*** Opening Information supplied ***
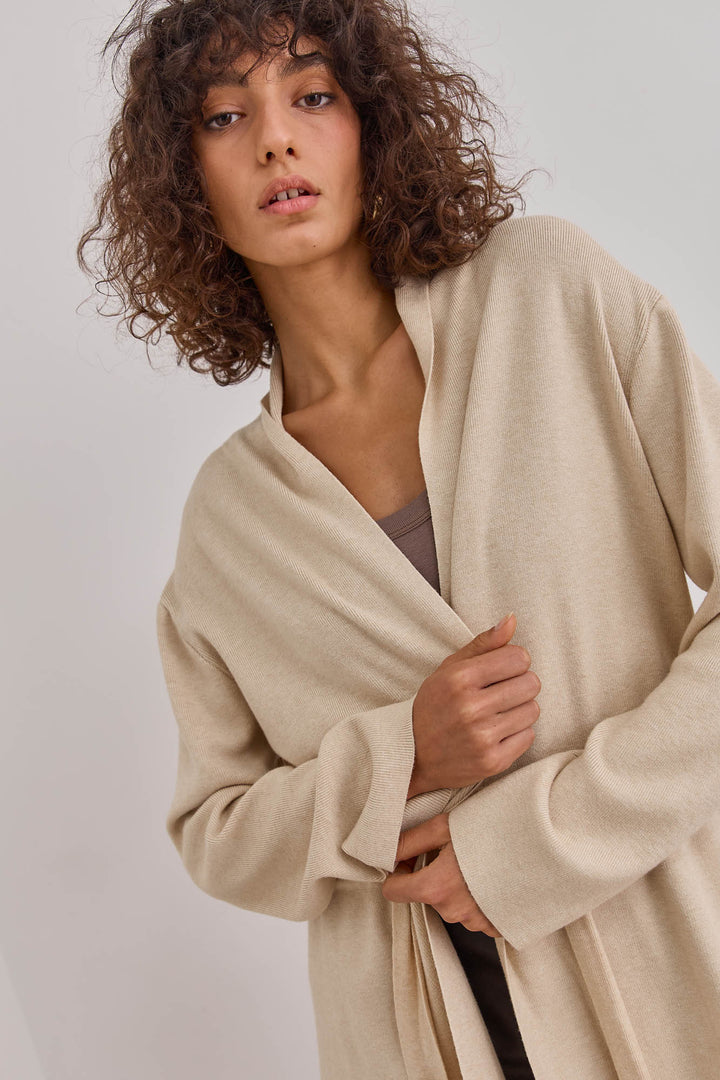 עליונית סריג מקס סגירת קשירה | קרם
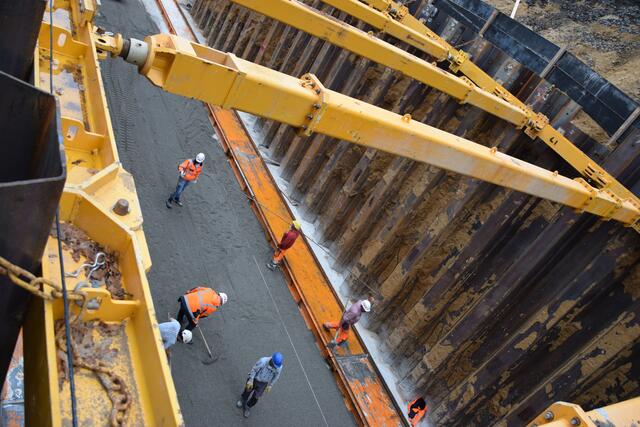 Arbeiter bringen kurz vor dem Einschub besonders feinen Splitt auf, damit die Oberfläche absolut eben ist | Foto: ts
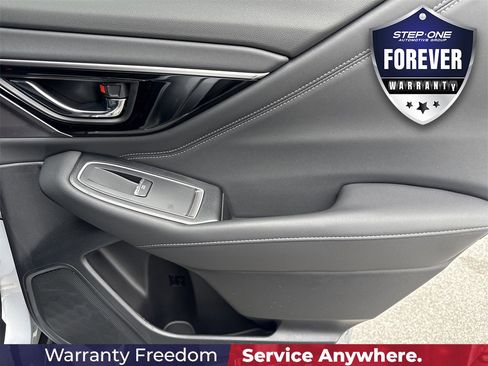 New 2025 Subaru Outback Limited image 38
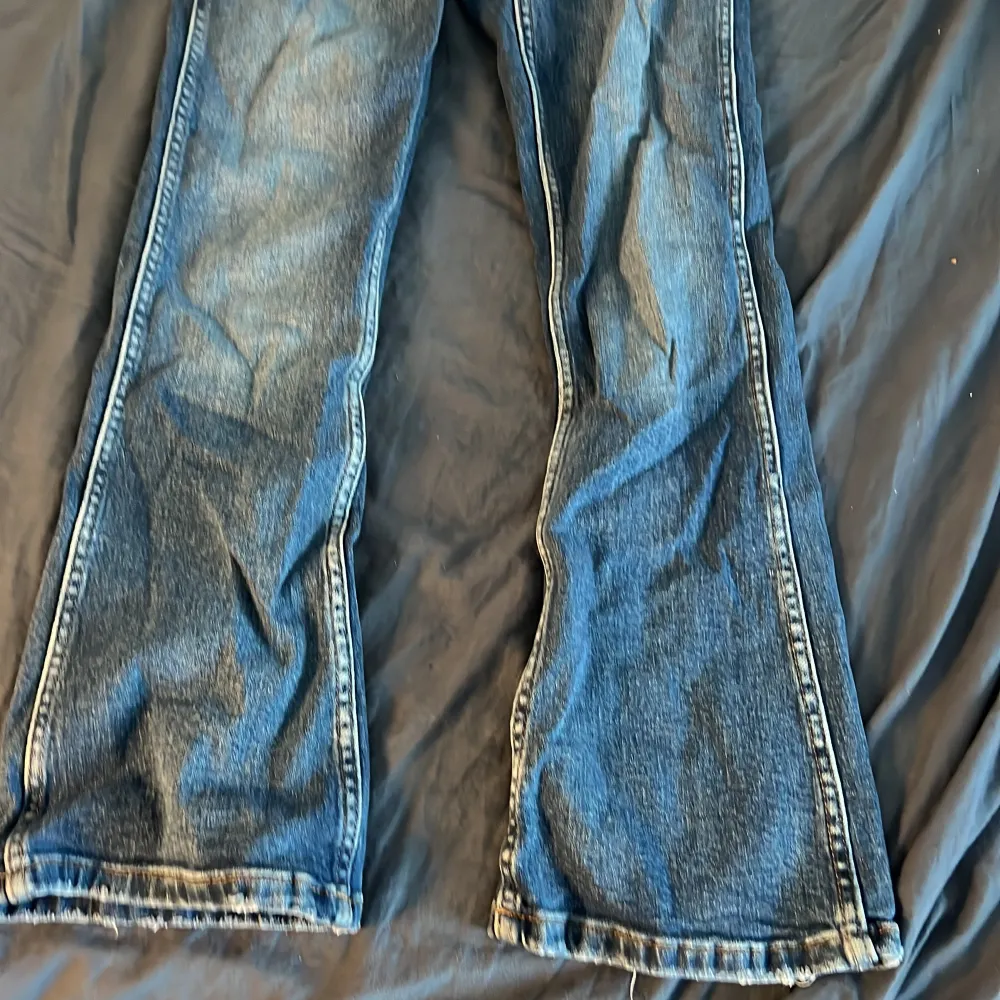 Ett par coola jeans från zara i storlek 13-14 år. Bra skick.. Jeans & Byxor.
*** Closing Information supplied ***
Problem description >> Could you repeat the listing above exactly, omitting its pictures?

Written answer >>
 עליונית סריג מקס סגירת קשירה | קרם
 Arbeiter bringen kurz vor dem Einschub besonders feinen Splitt auf, damit die Oberfläche absolut eben ist | Foto: ts
 New 2025 Subaru Outback Limited image 38
 Ett par coola jeans från zara i storlek 13-14 år. Bra skick.. Jeans & Byxor.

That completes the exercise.